Le cadre juridique français permet de « parvenir à une utilisation des pesticides compatible avec le développement durable », précisent les juges

« La question était de savoir si le juge allait ou non laisser une place complémentaire à l’exercice du pouvoir de police générale des maires encedomaine »,explique l’avocat Éric Landot, qui conclut que « le Conseil d’État ne fait pas confiance aux maires » . Cette décision était en réalité prévisible, notamment au regard des avis qu’avait rendus précédemment le Conseil d’État face aux arrêtés anti-OGM pris par quelques maires, qui s’étaient déjà arrogé ce droit décisionnel.
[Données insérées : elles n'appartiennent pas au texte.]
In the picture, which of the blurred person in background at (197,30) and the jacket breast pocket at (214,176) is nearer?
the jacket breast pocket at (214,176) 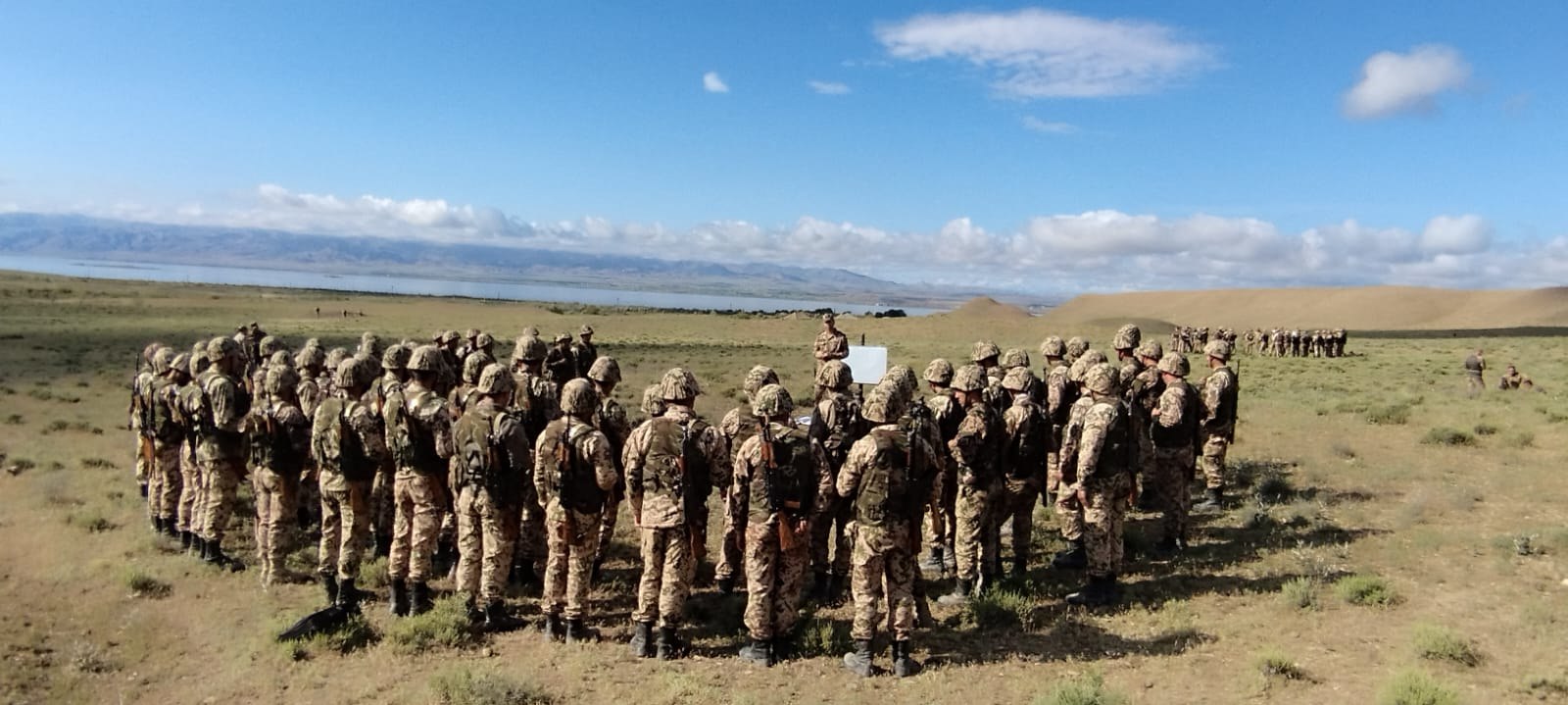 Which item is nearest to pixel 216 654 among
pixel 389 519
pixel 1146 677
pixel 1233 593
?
pixel 389 519

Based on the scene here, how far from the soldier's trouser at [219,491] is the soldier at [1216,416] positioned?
10.6m

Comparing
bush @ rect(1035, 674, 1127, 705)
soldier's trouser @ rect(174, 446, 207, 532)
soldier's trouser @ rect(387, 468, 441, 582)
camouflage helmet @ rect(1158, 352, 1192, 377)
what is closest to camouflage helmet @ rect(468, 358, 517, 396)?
soldier's trouser @ rect(387, 468, 441, 582)

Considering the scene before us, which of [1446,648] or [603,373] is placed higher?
[603,373]

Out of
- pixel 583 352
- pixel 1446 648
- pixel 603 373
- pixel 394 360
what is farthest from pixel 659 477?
pixel 583 352

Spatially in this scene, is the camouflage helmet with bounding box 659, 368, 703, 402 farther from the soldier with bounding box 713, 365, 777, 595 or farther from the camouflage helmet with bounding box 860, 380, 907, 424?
the camouflage helmet with bounding box 860, 380, 907, 424

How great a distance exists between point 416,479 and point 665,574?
2.35 metres

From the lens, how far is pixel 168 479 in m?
9.45

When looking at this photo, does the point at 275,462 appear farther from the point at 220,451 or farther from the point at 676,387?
→ the point at 676,387

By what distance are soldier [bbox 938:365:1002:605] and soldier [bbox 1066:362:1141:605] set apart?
77 centimetres

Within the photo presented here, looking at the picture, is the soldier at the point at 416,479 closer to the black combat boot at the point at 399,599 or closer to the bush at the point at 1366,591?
the black combat boot at the point at 399,599

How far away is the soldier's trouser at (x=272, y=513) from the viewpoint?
7867 mm

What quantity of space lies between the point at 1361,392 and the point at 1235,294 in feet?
300

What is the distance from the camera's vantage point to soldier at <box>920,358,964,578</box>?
283 inches

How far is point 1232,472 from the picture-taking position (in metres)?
12.9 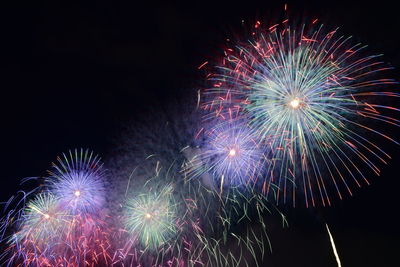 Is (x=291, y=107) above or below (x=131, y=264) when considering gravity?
above

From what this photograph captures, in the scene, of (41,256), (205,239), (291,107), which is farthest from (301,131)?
(41,256)

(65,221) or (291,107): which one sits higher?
(291,107)

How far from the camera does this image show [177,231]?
14156 mm

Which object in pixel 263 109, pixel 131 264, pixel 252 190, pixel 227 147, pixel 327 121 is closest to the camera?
pixel 327 121

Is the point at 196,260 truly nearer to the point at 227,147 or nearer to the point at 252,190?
the point at 252,190

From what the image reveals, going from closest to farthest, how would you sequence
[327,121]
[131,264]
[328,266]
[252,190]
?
1. [327,121]
2. [252,190]
3. [131,264]
4. [328,266]

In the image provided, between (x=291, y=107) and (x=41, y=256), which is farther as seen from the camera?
(x=41, y=256)

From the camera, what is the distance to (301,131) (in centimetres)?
1122

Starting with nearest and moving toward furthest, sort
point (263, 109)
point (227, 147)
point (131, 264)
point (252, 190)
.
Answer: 1. point (263, 109)
2. point (227, 147)
3. point (252, 190)
4. point (131, 264)

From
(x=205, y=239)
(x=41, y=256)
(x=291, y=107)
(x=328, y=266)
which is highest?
(x=328, y=266)

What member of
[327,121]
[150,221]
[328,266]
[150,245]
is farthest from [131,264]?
[328,266]

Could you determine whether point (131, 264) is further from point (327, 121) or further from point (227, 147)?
Answer: point (327, 121)

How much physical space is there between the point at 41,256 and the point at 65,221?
1864 mm

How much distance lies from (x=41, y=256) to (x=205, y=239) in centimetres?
698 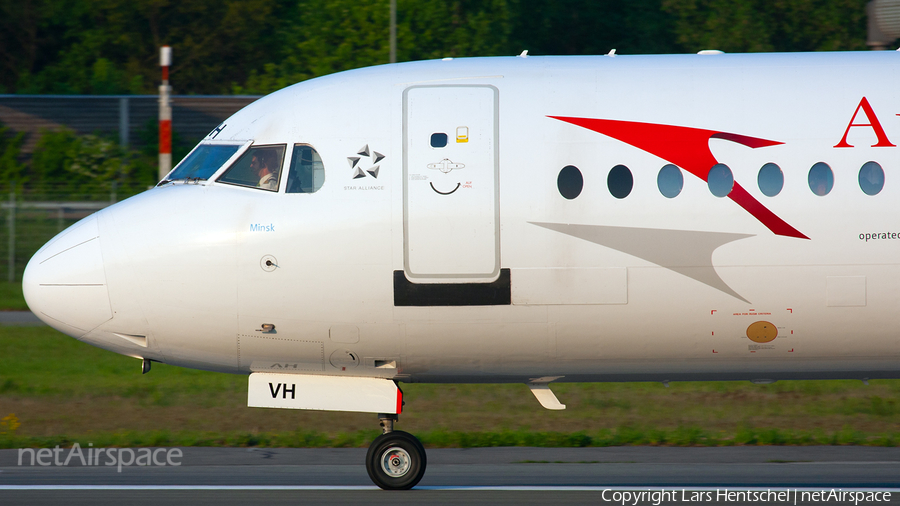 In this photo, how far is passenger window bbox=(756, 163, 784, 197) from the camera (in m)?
7.39

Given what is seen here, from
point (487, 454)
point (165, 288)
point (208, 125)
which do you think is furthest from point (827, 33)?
point (165, 288)

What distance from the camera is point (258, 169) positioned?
25.5ft

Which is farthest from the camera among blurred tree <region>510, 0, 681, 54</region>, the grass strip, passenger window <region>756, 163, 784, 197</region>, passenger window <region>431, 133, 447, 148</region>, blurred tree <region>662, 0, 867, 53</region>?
blurred tree <region>510, 0, 681, 54</region>

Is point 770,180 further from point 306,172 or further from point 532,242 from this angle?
point 306,172

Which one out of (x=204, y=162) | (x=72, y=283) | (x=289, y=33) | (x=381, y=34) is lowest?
(x=72, y=283)

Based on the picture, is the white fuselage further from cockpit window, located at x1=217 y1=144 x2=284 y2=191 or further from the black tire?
the black tire

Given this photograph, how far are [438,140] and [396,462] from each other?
265 centimetres

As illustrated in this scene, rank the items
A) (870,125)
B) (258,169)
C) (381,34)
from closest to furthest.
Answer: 1. (870,125)
2. (258,169)
3. (381,34)

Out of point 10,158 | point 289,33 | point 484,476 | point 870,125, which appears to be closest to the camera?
point 870,125

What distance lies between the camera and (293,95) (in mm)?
8023

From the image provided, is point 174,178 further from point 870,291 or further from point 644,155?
point 870,291

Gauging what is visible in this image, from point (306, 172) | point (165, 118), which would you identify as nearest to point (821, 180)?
point (306, 172)

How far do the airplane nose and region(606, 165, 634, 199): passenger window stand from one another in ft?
12.5

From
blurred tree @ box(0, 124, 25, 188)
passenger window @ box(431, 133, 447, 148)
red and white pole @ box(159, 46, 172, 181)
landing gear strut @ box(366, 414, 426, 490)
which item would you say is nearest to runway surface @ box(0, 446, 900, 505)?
landing gear strut @ box(366, 414, 426, 490)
Des villes sans agriculteurs

En réalité, les initiatives prises par Daniel Cueff, Christian Métairie, ou encore Patrice Leclerc, se fondent davantage sur un impératif électoraliste que sur un souci de santé publique.

Car interdire l’usage agricole de pesticides dans les villes administrées par ces deux derniers maires est parfaitement inutile, étant donné qu’il n’existe aucune exploitation agricole dans ces deux communes de la couronne parisienne ! Gennevilliers abrite seulement une dizaine de jardins partagés ainsi qu’une « AgroCité », unité d’agriculture urbaine. Inauguré en 2018, cet espace vert est constitué d’un bâtiment avec une toiture végétalisée, entouré d’un terrain accueillant quelques mètres carrés de maraîchage, une dizaine de parcelles pédagogiques dédiées aux plantes aromatiques, des bacs à compost et… des toilettes sèches.

Arcueil, pour sa part, a accueilli en 2019 la « transhumance du Grand Paris », événement qui consistait à faire traverser la métropole par un troupeau de trente moutons pendant une nuit du mois de juillet. La ville s’est également lancée dans le projet « Arcueil, ville comestible », qui favorise le développement de « vergers et de potagers collectifs » enclavés entre deux rues, le long de murs ou clôtures, dans des cours intérieures ou au pied d’immeubles. Le « bac à glaner », par exemple, est « une benne reconvertie en bac à planter pour permettre aux habitants et aux passants de récolter des plantes comestibles dans le bac comme des aromatiques, des framboises, des fraises, de la verveine… ». Comme le précise la mairie d’Arcueil, « L’objectif n’est pas encore réellement de produire de quoi nourrir la ville mais de voir que c’est possible, dans un premier temps ». On appréciera la nuance du « pas encore »…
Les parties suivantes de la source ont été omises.